CourtU.S. District Court — Central District of Illinois
OPINION

SUE E. MYERSCOUGH, U.S. District Judge:

Before the Court is Respondent Davis Vision, Inc.'s Motion for Summary Judgment (d/e 27) and Petitioner Acuity Optical Laboratories, LLC's Motion for Partial Summary Judgment (d/e 35). Respondent's Motion is GRANTED IN PART and DENIED IN PART WITH LEAVE TO REFILE AT THE CLOSE OF DISCOVERY and Petitioner's Motion is DENIED. The Court finds that Davis Vision is entitled to summary judgment on Counts V, VI, and IX, and Acuity is not entitled to summary judgment on Count I because the Mandatory Lab Policy is neither a per se unlawful restraint on trade between Davis Vision and its competitors nor a per se unlawful forced group boycott. The Court further finds that Davis Vision is entitled to summary judgment on Counts III, IV, X, XI, and XIV because Acuity fails to state a claim upon which relief can be granted in those counts. The Court further finds that Davis Vision is not entitled to summary judgment on Counts I, II, VII, VIII, XII, and XIII, and Acuity is not entitled to summary judgment on Count II because with further development of the record through discovery, reasonable issues of material fact may exist as to the merits of the claims. However, Davis Vision may refile its motion for summary judgment on these counts once discovery has concluded.

I. BACKGROUND

Acuity Optical Laboratories, LLC of Illinois brings this suit against Davis Vision, Inc. of New York for damages and permanent injunctive relief. Acuity claims that Davis Vision's Mandatory Lab Policy, a requirement that essentially all of Davis Vision's in-network providers agree to provide only Davis Vision manufactured lenses to Davis Vision members constitutes: (1) a per se unlawful horizontal conspiracy with providers under Section 1 of the Sherman Antitrust Act and Section 1 of the Illinois Antitrust Act(Counts I and VI); (2) a per se unlawful collection of vertical agreements that, in reality, act as a horizontal forced group boycott among providers, orchestrated by Davis Vision, under Section 1 of the Sherman Antitrust Act, Section 3 of the Clayton Act, and Sections 1 and 4 of the Illinois Antitrust Act (Counts I, V, VI, and IV); (3) an otherwise unlawful conspiracy under Section 1 of the Sherman Antitrust Act and Section 2 of the Illinois Antitrust Act (Counts I and VII); (4) an illegal plan to monopolize under Section 2 of the Sherman Antitrust Act and Section 3 of the Illinois Antitrust Act (Counts II and VIII); (5) a per se unlawful tying arrangement under Sections 1 and 2 of the Sherman Antitrust Act (Count III); (6) an illegally compulsory provision within Davis Vision's provider agreement under the Illinois Insurance Code (Count X); (7) an unreasonable restriction on members' access to healthcare under the Illinois Insurance Code (Count XI); (8) tortious interference with Acuity's ability to enter into valid business relationships with providers (Count XII); and (9) an illegal restriction on members' right to choose where to purchase lenses under the Eyeglass Rule, 16 C.F.R. § 456 (Count XIV). Acuity further claims that Davis Vision: (1) has engaged in illegal predatory pricing under section 2of the Clayton Act (Count IV); and (2) has committed illegal misrepresentation under the Lanham Act (Count XII).
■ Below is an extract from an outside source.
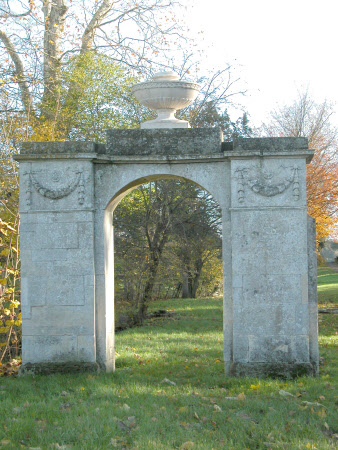 Arch decorated with swags and surmounted by elliptical Coade stone punchbowl urn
On August 25, 2015, about four months prior to the close of fact discovery, Davis Vision filed its motion for summary judgment (d/e 27). Acuity filed a combined response to Davis Vision's motion and Acuity's own motion for partial summary judgment (d/e 35). Responses and replies were subsequently filed. The Court heard oral arguments on the motions on April 11, 2016.
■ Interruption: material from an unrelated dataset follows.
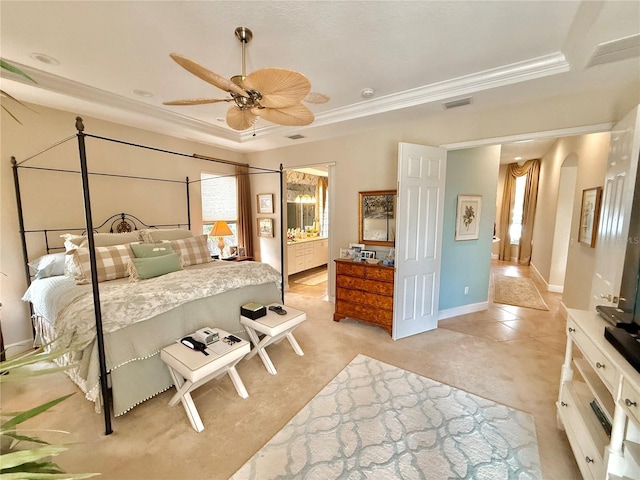 bedroom with arched walkways, a tray ceiling, visible vents, light carpet, and baseboards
The following is a summary of the facts that the parties agree are undisputed:

a. The Parties in this Action Are Acuity, a Lens Manufacturer and Davis Vision, a Vision Benefits Provider.
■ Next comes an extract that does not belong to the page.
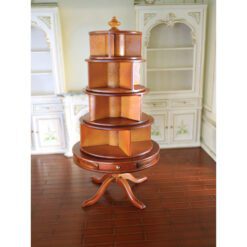 Miniature revolving wooden bookcase with mahogany finish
Acuity Optical Laboratories, LLC is a manufacturer of eyeglass lenses and other ophthalmic goods ("lens manufacturer"), headquartered in Normal, Illinois. Day-to-day business operations of both Acuity and All About Eyes are run by Adam Rosengren. Initially, Acuity primarily sold eyeglass lenses ("lenses") only to its affiliated chain of retail stores, All About Eyes. However, in July 2011, after Acuity's lab was destroyed by an adjacent building's collapse, Acuity invested in new equipment and began selling lensesto third-party opticians, optometrists, and retail outlets (together "providers"). Acuity conducts its third-party lens sales via an independent department within the company that operates under the name Identity Optical. Identity Optical is managed by Peter Kimerling.

Acuity uses only state-of-the-art digital lens manufacturing technology, also known as "freeform," to manufacture lenses for the national market. This technology allows Acuity to manufacture lenses that are superior to the lenses produced with conventional lens manufacturing technology. Further, Acuity offers next-day-air shipping and regularly reduces prices on its lenses to acquire new business.

As of February 2015, Acuity had approximately 350 open customer accounts across the entire continental United States, mostly with optometrists. Also, Acuity's affiliated retail store, All About Eyes, has agreements to produce lenses for several vision benefits companies. The predominant vision benefits plan with which Acuity does business is EyeMed, as a result of EyeMed's coverage of State of Illinois employees and Acuity's presence in Illinois.

Davis Vision is a managed vision care company headquartered in San Antonio, Texas. Davis Vision is wholly owned by HVHC, Inc. Davis Vision shares its headquarters with another wholly owned subsidiary of HVHC called Visionworks. No physical separation exists between the Davis Vision's and Visionworks' headquarters. Visionworks operates a chain of retail vision care stores. Davis Vision and Visionworks each own two laboratories that produce lenses. John Kay, an HVHC employee, supervises all four labs. Along with sharing office space, Visionworks and Davis Vision also share information, such as budgeting forecasts and other financial information.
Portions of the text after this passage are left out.